• What is required
Could you restate the whole listing below word for word, minus the pictures?

• Information provided
Start of Block
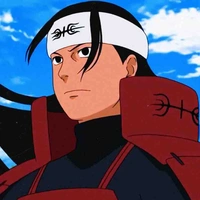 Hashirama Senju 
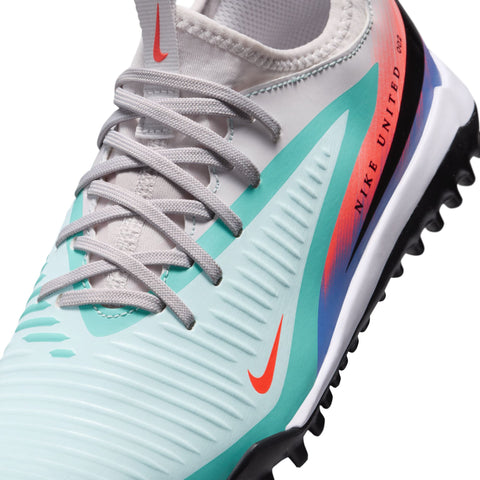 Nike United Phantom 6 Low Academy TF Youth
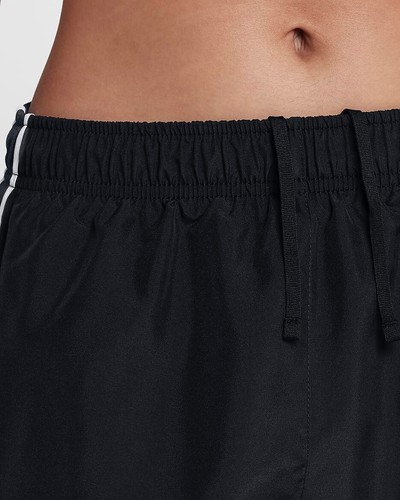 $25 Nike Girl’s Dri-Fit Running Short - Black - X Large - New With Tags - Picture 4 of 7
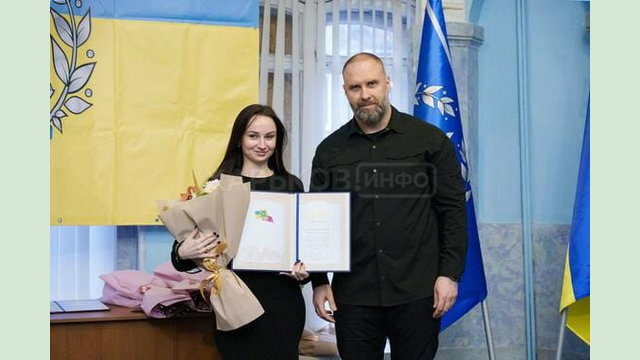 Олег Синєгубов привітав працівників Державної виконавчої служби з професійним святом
End of Block
• Task result
 Hashirama Senju 
 Nike United Phantom 6 Low Academy TF Youth
 $25 Nike Girl’s Dri-Fit Running Short - Black - X Large - New With Tags - Picture 4 of 7
 Олег Синєгубов привітав працівників Державної виконавчої служби з професійним святом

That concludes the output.